For me, my company launch is going quite well. I successfully brought over one of my biggest clients. I’ll find out next week if my favorite one will join us. We have to put on a full presentation, but I anticipated that and have an edge since nobody knows them as well as I do – not even my old boss. Robin, my partner-in-crime, is invaluable and just as thrilled with our launch. Next week we have a celebratory Friday lunch for our big win this week (contracts will be signed by then). Her quiet, level-headedness is a godsend. The separation from our old firm has been non-eventful (which is just how we wanted it) and we haven’t made a big splashy announcement until we know if the other client is joining us. I don’t need the sharks circling any more than necessary, but inevitably word is slipping out and that’s OK too.

I look back on where I was just over a year ago and marvel at my progress. Last spring and summer I was in the depths of a deep, deep work funk that rendered me virtually immobile. I had completely lost my mojo. Then the turning point was telling myself that nobody can fix this but myself. I don’t have a good home office, fine, fix it! So I did over a weekend with used furniture, cans of spray paint to make some used file cabinets fire engine red, and a fortuitous office yard sale. I realized that instead of complaining about the lack of support from my firm, I should just fix it. So with trial and error, I have. I tried some virtual assistants with lackluster results. Now I use Fiverr on a task-by-task basis and it’s been great to fill my gap.

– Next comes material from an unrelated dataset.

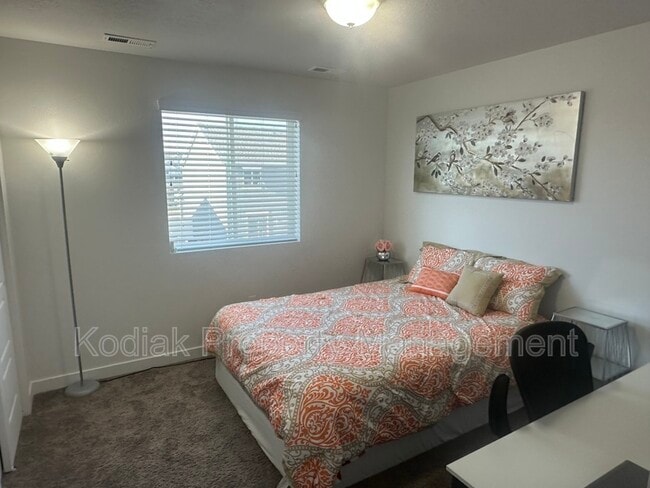 Building Photo - 3656 S Kite St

Life is great and I see so much potential. I’m the eternal optimist once again. It’s funny, the Hunter had his self-doubt moment a couple of days ago. He was finally getting a few no’s to his introductory calls and we both realized that what we are doing is not for the faint of heart. My moment of “oh shit” was last week. It’s difficult, hard work to start companies up from scratch, but the good news is we have each other. He is always finding ways to help me and the same goes for me. As one of our friends said, we are a power couple. Look out world!!